Reaching Into a Webpage

Ever want to point someone not just to the top of a web article, but to a particularly good quote – or even several? I’ve done a lot of thinking about that.

The InSite system I’ve been working on for Duke University was built for enabling interactive transcripts of audio and video interviews. Interactive transcripts allow you to navigate media and share excerpts at the sentence level. Click on an excerpt link like this one…

Because it seemed to me that if they have weapons of mass destruction then there has to be an order of battle for their use.
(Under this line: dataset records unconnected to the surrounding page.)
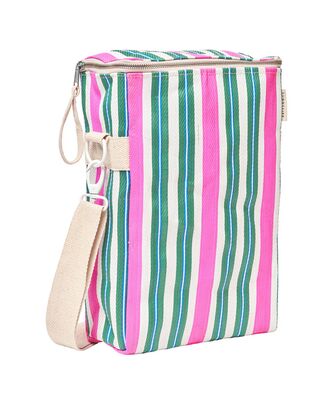 Sunnylife - Recycled Nylon Drinks Cooler Bag Seagrass Green Multi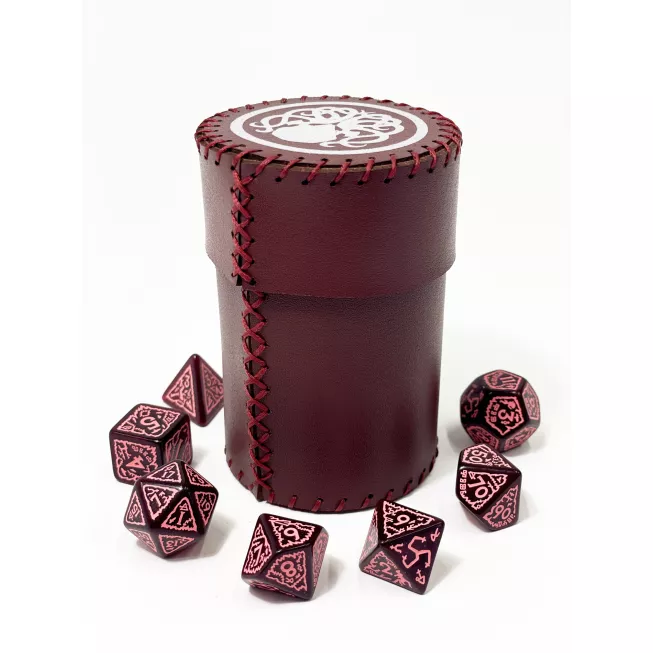 Стакан для кубиків Ктулху бургунді Dice Cup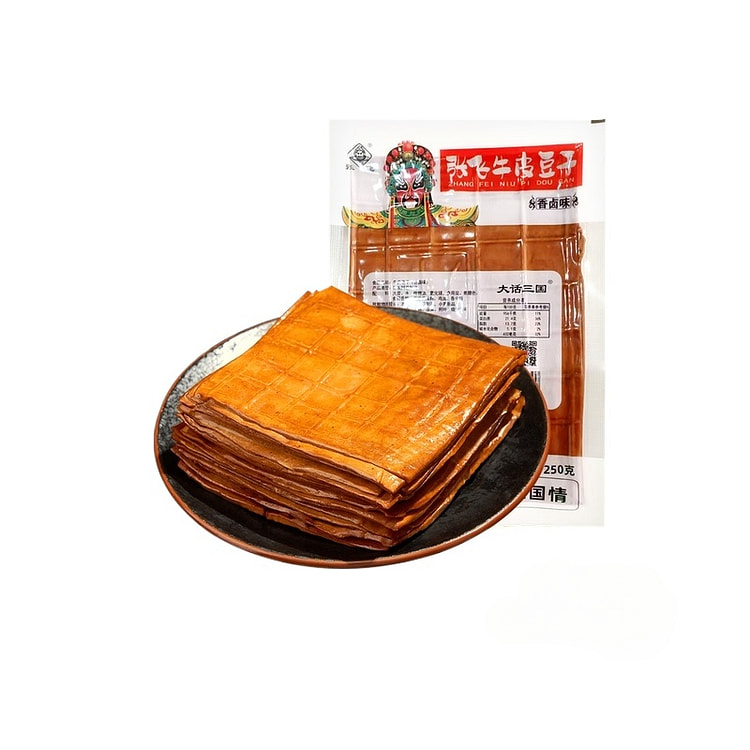 张飞牛皮豆干五香卤香豆腐干烧烤食材250g/袋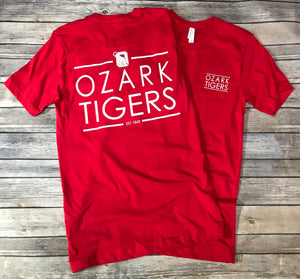 Ozark Tigers Soft Red T-Shirt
I mean I knew this from our own system when I was involved. Who has authority, at what level, what kind of authority to initiate the use of weapons of mass destruction? And I was struck by the fact that they didn’t know.

… and you’re taken right to the sentence you want so you can see it in the full context of the interview, like this:


During the Putin Files project that I helped FRONTLINE with, we realized that it would also be useful to enable sharing and annotation abilities for interviews that weren’t connected to media. That project included 32 source interview transcripts connected to media. We also enabled an additional 24 source interview transcripts that weren’t connected to media so they could also include annotations and be shared at the sentence level.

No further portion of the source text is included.